Pinch

ロストケアのPinchのレビュー・感想・評価

ロストケア(2023年製作の映画)
4.2
「だけど僕には、これ以上何を頑張ればいいのか、分かりませんでした。このとき気づきました。この社会には穴がありているって。一度でも落ちてしまったら、この穴から簡単には抜け出せない」
「安全地帯にいるあなたには穴の底で苦しむ人たちの気持ちは分からない。...あなたみたいに安全地帯からきれいごとを並べる人間が、穴の底を這う人間を余計に苦しめるんです」

この映画の意義は、斯波の犯罪と彼の処遇を扱ったことにではなく、紛れもない現実を明言したことにあります。貧者にとっても、富者にとっても、安全地帯は崩壊しつつある。はびこる新自由主義。成果を出せない連中などどうなっても知るものか、俺はあんな奴らとは違うんだ!…というわけです。こういう人たちの居場所も次第に削り取られ、権力を持つ階層に醜く媚びへつらうしかなくなっている。
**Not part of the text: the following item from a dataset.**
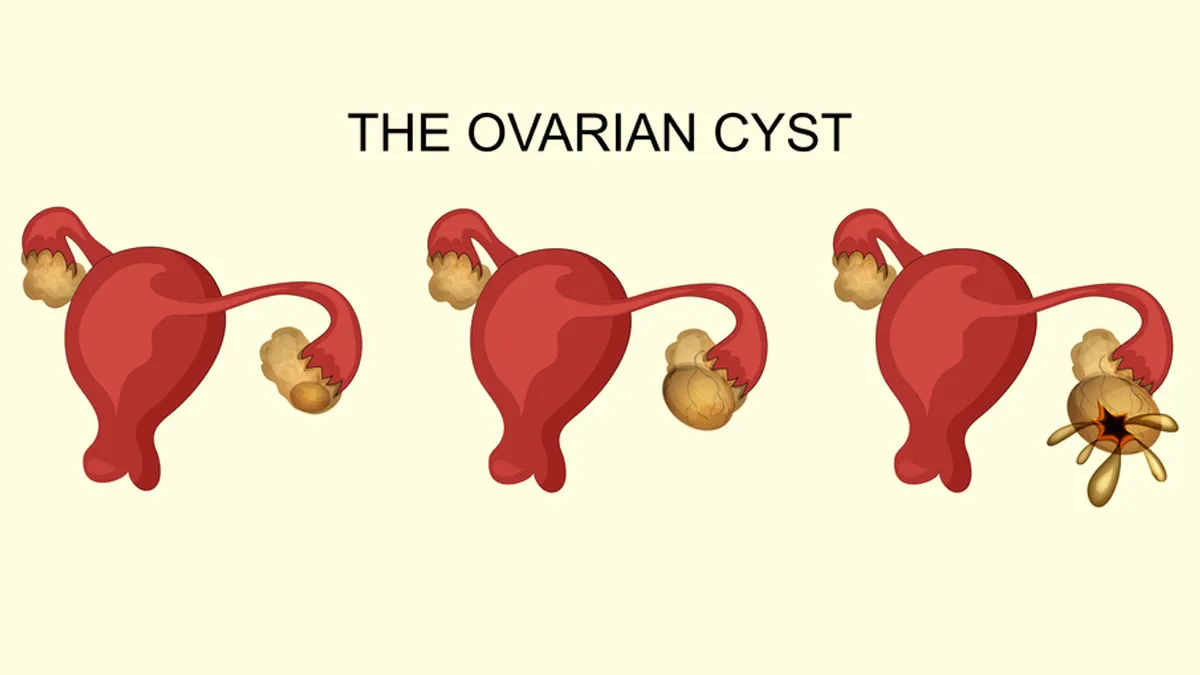 Ruptured Ovarian Cysts: What They Feel Like And How to Deal With Them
現行の政治の在り方は、この国を悲惨な事態に突き進めるだけ。まあ、世界のどこででも起こっている話といえばそれまでですが、これでいいはずがない。とにかく、とても厳しい状況が口を開けて我々を飲み込もうとしていることを再確認できる映画だと思います。

個人的な好みの問題に過ぎませんが、最後に流れる曲はちょっと…。『わたしは、ダニエル・ブレイク』も同様のテーマを扱い、より自然な形でつらい現実を描いていましたね。